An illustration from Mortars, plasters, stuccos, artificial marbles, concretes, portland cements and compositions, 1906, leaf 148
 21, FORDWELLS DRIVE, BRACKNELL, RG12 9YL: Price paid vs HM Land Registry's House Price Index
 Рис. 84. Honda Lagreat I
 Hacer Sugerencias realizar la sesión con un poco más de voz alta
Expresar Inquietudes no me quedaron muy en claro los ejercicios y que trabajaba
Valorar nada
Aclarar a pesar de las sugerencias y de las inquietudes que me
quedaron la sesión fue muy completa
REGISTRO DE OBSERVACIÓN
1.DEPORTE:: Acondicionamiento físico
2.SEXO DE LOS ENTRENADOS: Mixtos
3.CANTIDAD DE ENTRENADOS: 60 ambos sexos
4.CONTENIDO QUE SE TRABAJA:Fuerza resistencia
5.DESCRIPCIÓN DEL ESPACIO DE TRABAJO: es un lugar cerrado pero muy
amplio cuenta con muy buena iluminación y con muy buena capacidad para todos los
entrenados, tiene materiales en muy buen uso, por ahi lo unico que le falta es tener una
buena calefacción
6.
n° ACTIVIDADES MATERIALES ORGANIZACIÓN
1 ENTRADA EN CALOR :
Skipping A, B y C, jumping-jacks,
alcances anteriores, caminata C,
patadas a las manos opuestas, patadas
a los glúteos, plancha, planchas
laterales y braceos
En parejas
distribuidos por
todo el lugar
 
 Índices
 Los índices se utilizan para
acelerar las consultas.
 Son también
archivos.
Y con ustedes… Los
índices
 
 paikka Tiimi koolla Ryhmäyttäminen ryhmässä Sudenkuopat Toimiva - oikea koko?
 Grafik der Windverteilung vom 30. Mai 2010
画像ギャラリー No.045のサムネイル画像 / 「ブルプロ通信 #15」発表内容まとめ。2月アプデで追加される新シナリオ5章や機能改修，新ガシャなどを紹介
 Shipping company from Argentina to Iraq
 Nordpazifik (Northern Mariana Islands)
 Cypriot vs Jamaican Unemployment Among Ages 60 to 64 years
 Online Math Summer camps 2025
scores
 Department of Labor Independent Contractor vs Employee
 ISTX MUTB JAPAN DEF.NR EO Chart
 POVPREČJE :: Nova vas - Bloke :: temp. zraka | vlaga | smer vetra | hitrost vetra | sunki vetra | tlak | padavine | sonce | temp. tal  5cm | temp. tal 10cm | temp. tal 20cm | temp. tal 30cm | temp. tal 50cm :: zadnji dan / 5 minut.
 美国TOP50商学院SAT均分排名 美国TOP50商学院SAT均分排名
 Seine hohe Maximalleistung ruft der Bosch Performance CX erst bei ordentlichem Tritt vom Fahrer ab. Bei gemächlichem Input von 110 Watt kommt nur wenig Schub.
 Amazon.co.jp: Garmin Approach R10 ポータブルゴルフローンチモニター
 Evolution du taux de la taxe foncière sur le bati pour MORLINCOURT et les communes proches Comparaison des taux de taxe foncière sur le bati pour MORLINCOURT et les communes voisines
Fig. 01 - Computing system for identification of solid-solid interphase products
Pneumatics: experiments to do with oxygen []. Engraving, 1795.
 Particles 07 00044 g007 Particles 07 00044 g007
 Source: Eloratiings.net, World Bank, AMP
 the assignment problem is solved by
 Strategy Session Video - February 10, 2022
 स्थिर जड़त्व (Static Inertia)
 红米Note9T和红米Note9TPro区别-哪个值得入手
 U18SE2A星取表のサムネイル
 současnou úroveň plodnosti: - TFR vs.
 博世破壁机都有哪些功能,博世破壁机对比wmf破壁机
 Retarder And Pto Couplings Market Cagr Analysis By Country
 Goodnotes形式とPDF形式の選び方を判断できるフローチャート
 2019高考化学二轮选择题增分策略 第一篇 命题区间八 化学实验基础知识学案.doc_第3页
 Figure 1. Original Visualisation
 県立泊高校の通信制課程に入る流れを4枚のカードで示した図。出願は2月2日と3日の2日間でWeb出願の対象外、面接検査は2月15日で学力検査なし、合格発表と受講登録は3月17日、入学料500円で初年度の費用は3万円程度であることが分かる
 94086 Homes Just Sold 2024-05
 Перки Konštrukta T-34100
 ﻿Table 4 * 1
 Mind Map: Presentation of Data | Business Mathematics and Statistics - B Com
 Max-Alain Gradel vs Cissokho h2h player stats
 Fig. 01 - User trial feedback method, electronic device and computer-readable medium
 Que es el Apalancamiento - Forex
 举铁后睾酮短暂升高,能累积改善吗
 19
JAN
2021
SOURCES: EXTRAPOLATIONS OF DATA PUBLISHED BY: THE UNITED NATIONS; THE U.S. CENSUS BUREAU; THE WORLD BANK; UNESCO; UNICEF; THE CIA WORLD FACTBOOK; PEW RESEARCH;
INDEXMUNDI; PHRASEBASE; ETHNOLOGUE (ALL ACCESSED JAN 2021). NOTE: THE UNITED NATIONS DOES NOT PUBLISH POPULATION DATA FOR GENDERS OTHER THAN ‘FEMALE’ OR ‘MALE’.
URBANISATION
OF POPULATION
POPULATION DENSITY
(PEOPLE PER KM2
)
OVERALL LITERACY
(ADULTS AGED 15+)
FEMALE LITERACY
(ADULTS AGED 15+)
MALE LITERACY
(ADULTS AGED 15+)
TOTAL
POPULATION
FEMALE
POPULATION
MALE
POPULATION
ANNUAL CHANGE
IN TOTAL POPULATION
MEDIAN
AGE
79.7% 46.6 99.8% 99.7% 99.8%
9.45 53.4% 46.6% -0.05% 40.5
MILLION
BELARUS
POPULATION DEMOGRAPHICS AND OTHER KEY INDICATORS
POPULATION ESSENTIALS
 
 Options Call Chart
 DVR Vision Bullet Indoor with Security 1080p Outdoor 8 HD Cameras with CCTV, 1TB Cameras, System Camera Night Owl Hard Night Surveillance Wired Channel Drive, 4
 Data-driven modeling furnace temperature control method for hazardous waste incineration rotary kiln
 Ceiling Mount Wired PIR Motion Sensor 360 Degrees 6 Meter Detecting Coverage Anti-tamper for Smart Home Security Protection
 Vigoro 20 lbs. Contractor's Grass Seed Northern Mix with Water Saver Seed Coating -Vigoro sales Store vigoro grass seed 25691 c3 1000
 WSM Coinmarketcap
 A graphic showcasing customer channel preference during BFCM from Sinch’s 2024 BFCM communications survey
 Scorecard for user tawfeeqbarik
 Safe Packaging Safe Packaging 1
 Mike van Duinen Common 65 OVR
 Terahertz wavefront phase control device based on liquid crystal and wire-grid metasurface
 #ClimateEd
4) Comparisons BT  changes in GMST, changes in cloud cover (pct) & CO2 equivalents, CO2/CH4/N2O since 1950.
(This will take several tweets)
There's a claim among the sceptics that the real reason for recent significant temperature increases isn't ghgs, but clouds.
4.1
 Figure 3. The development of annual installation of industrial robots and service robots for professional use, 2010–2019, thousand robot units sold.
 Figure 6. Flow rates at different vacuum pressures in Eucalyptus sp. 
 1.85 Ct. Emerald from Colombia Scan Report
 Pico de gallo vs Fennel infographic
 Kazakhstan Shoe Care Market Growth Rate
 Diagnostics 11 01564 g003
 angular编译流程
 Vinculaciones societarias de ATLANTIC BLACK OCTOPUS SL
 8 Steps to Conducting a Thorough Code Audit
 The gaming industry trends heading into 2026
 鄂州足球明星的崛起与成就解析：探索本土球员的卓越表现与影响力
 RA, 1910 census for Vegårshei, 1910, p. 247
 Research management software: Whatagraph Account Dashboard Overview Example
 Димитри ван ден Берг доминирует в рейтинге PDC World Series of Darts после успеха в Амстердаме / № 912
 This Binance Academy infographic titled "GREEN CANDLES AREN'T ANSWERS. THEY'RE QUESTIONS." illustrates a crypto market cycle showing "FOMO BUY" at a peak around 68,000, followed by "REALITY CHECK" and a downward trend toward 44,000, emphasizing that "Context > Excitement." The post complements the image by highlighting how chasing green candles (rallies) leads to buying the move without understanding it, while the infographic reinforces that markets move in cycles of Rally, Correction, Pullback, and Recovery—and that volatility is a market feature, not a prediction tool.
==*==
▶ **Work task**
Reproduce the records above exactly, from the first line through the line containing "画像ギャラリー No.045のサムネイル画像 /", and output nothing else.

▶ **Task solution**
An illustration from Mortars, plasters, stuccos, artificial marbles, concretes, portland cements and compositions, 1906, leaf 148
 21, FORDWELLS DRIVE, BRACKNELL, RG12 9YL: Price paid vs HM Land Registry's House Price Index
 Рис. 84. Honda Lagreat I
 Hacer Sugerencias realizar la sesión con un poco más de voz alta
Expresar Inquietudes no me quedaron muy en claro los ejercicios y que trabajaba
Valorar nada
Aclarar a pesar de las sugerencias y de las inquietudes que me
quedaron la sesión fue muy completa
REGISTRO DE OBSERVACIÓN
1.DEPORTE:: Acondicionamiento físico
2.SEXO DE LOS ENTRENADOS: Mixtos
3.CANTIDAD DE ENTRENADOS: 60 ambos sexos
4.CONTENIDO QUE SE TRABAJA:Fuerza resistencia
5.DESCRIPCIÓN DEL ESPACIO DE TRABAJO: es un lugar cerrado pero muy
amplio cuenta con muy buena iluminación y con muy buena capacidad para todos los
entrenados, tiene materiales en muy buen uso, por ahi lo unico que le falta es tener una
buena calefacción
6.
n° ACTIVIDADES MATERIALES ORGANIZACIÓN
1 ENTRADA EN CALOR :
Skipping A, B y C, jumping-jacks,
alcances anteriores, caminata C,
patadas a las manos opuestas, patadas
a los glúteos, plancha, planchas
laterales y braceos
En parejas
distribuidos por
todo el lugar
 
 Índices
 Los índices se utilizan para
acelerar las consultas.
 Son también
archivos.
Y con ustedes… Los
índices
 
 paikka Tiimi koolla Ryhmäyttäminen ryhmässä Sudenkuopat Toimiva - oikea koko?
 Grafik der Windverteilung vom 30. Mai 2010
画像ギャラリー No.045のサムネイル画像 / 「ブルプロ通信 #15」発表内容まとめ。2月アプデで追加される新シナリオ5章や機能改修，新ガシャなどを紹介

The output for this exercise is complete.